So when I asked Malik, do you mind being called a “Wang hong”, he answered bluntly, “I wasn’t enjoying it that much at first.”

Malik looks more mature than an average 25-year-old. What normal people would achieve in 8 years, he used only 4. He’s smart, quick, have a clear mind and is eager for more knowledge. He knows something about everything: whiskey, cigars, suits, broadcasting…he even has not one, but two “dressing philosophies”. Talking to him makes you feel that, there is more to life than just a job. No matter what job he does, Malik would still impress you, just by being himself. 

Malik is the future of menswear – a rebel who respects classics, a gentleman who appreciates a pair of trendy sneakers, a millennial who isn’t afraid of being labelled… But most importantly, he seems to know what he is doing, and he does it pretty well.

/On His Very First Suit

Tony Sporano in The Sopranos

“I got my first suit when I was 17, when I was in high school. My uncle needed a host for the opening of his new law firm. He thought ‘why not use someone for the family?’ and gave me the job of host. He said, ‘well now you need a suit to be the host’. So, he gave me 1000 RMB for the job, and I used every penny to buy my very first suit.” 

“That suit was grey, using a shiny fabric, with black lining, kind of like what you’d see in an Italian gangster film, very classic. I still have it.”

“I still remember two of my very good buddies went to buy that suit with me. They helped me pick it. That was probably the most ‘adult’ thing we did, at that age.”  

/On His Journey to Tailoring

“My first tailored suit was actually made at PRINCIPLE M. That was in 2016, I was doing a reality tv show, where I go out and experience other people’s job, like a carpenter, a gym trainer and for the clothing industry, I came to Justin’s shop; Principle M. We met during that show, and then I made my first suit with him.”

“It was a grey suit with notch lapels. That was also the first time I learned that you can add adjustment tabs on your trousers instead of belt loops. Also, that you can make the trousers with a high-rise. My first tailored suit changed everything I knew about suits.”

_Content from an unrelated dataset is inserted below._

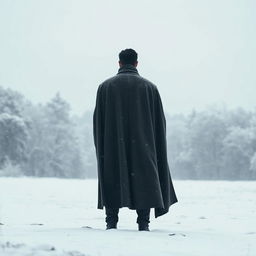 A solitary man wearing a cloak, standing in a snowy landscape, viewed from behind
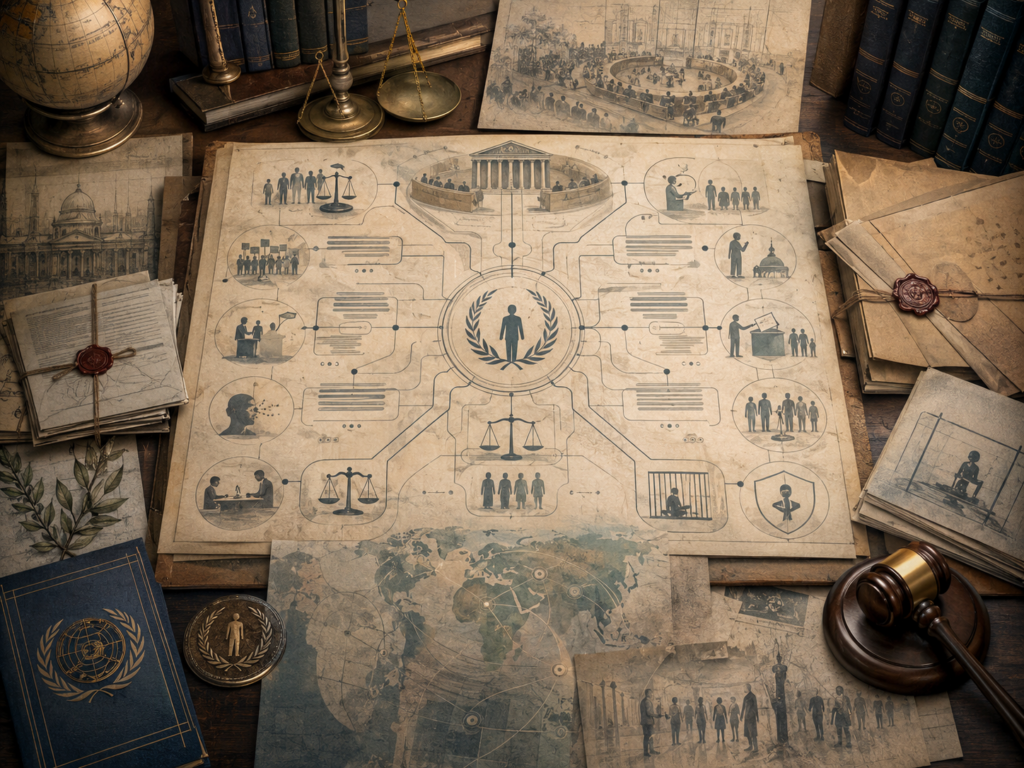 Scholarly illustration of a civil and political rights legal dossier with institutional diagrams, public assembly imagery, speech and voting symbols, due process pathways, detention review, scales, maps, legal volumes, and archival materials.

Grey MTM Harrison’s Frontier Suit

“I used to have the wrong impression on suits, like a stereotype. I thought suits were supposed to make you feel ‘uncomfortable’ because it was too formal or uptight. But after I tried tailored suits, I found the perfect size for myself. Then I learned that customised suits can be what you wear everyday, you just have to make it the right fit.” 

“My grandpa and my dad were my original [suit] role models. My grandpa had more than 100 suits. I remember he was always so dressed up in a nice suit. I remember in the summer, he’d wear this full white linen suit, leather woven loafers and a Panama hat. My dad loved suits, too, and those Cuban collar Polo shirts. When I was young, I’d think that clothing was for old people. Now I think to my self…you know what they had? They had STYLE!”

“I really want to have a ‘suit picture’ with my dad, that’s on my bucket list.”    

I feel like younger people like me who want to wear suits or who like gentlemen style might not have the highest disposable income. So, if you can’t afford a nice suit at first, you could start with a nice customized shirt, or pair of suede loafers.”

 “Good suits are supposed to be expensive. They’re suits that are affordable but with shitty quality. I can’t see what’s the point in buying them. Cuz at the end of the day, it’s just a waste of money.” 

Drappers MTM suit

/On His Daily Style

“In New York, especially on Wall Street, it’s very common to wear a suit & tie. But back in China, if you wear that everyday, people would think you’re weird. Especially in the industry, I’m working in where 90% of the time I’m communicating with others. I want myself to look approachable and not too rigid.”

“I believe that, by/through what you wear, you are ‘communicating’ with this world and people around you. If you are too insisting on something, you’re actually going against it. And if you push people too hard to wear a suit or too hard to be a fan of something, you’ll end up contradicting it.”

“But I love what I love – and I love wearing suits. So, I developed my own philosophy:

Malik’s ‘Menswear Philosophy’ No.1:

“For your outfit, you only need one or two pieces to represent your style.”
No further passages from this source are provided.